風林火山 第10回「晴信謀反」
先週放送分です。
今更になって、前島一門粛正の際の奉行衆退去が飯富虎昌の口から語られましたけど、これって去年何度も興ざめさせられた「話は遡るが」と同じ手法ですよね。無理矢理に後から説明を入れられても御都合主義が鼻につくだけなんで、リアルタイム(?)にきちんと話を入れ込んでおくか*1、もうガン無視を決め込むか、どちらかにしていただきたい。
信濃出兵と信虎追放の関連性
天文十年(1541)5月に信濃国小県郡への出兵(海野平の戦いなど)があり、帰国直後の6月に武田信虎追放事件が起こることから、両者の関連性については当然これまでも論じられてきたことですが、これまでは「軍役負担により国内が疲弊して不満が募った」というような見解が一般的であったと思います。しかし、信虎追放後も武田晴信によって拡大路線は引き継がれているわけですから、如何せん不十分と言わざるをえません。

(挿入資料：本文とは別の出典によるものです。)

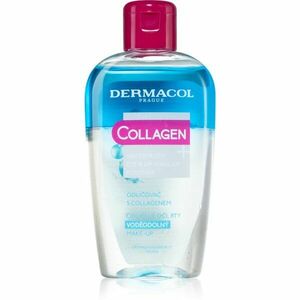 Dermacol Collagen+ dvoufázový odličovač voděodolného make-upu na oči a rty 150 ml obraz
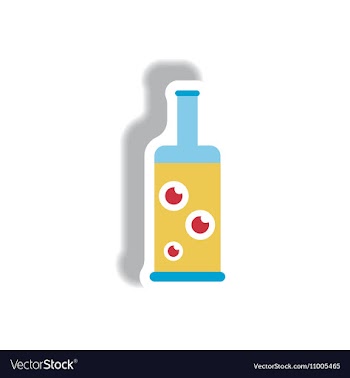 Paper sticker Halloween icon vector image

とはいえ、納得のいく新たな見解もなかなか見当たらず、悶々としていたのですが、一筋の光明となりそうな記事に出会いました。
では、この時期の出陣がなぜ家臣の反発を招いたのか。実はこの信虎の信濃出兵は、連年にわたってほぼ同じコースをたどって実施されています。これが問題だったのです。軍勢の糧食は現地調達に依存しますが、同じコースを何度も通過すれば、コース上の郷村は疲弊し、現地調達が困難になります。長陣が嫌われるのも同じ理由で、同一箇所での現地調達が時間の経過とともに困難の度を増すことにあります。つまり、連続した侵攻で疲弊した地域を通路に急激な作戦を強行し、結果的に家臣たちが軍事作戦に期待する旨みを低下させてしまったことこそが、信虎の失敗だったわけです。
豊泉堂雑記 | 『風林火山』第10回
つまり、大勝利とされる小県出兵でしたが、戦果が乏しかったために反発を招いたと。こういうことでしょうか。日露戦争後の日比谷焼き討ち事件と同質という捉え方もできそう。こういう視点はなかったので、興味深いです。

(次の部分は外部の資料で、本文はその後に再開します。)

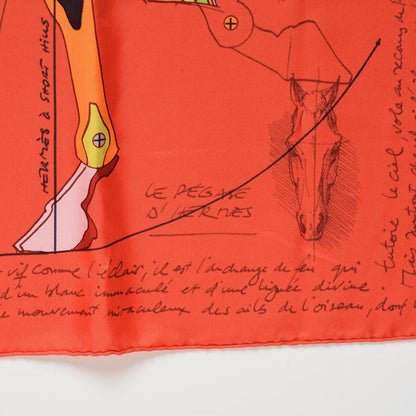 Hermes Silk Le Pegase D'Scarf 90 3 of 4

ただ、いくつか疑問も湧いてきます。「連年にわたって」同じコースで信濃出兵したとありますが、確認できるのは前年の天文九年からでは無かったか。また、侵攻路である佐久が疲弊していたとして、信虎は何故そのルートを採ったのか。初侵攻の小県郡ではペイできなかったのか。
いずれまとめて記事にされるそうなので期待して待ちたいと思います。
*1:映像が難しくともナレーションくらいなら容易に対応できるだろう。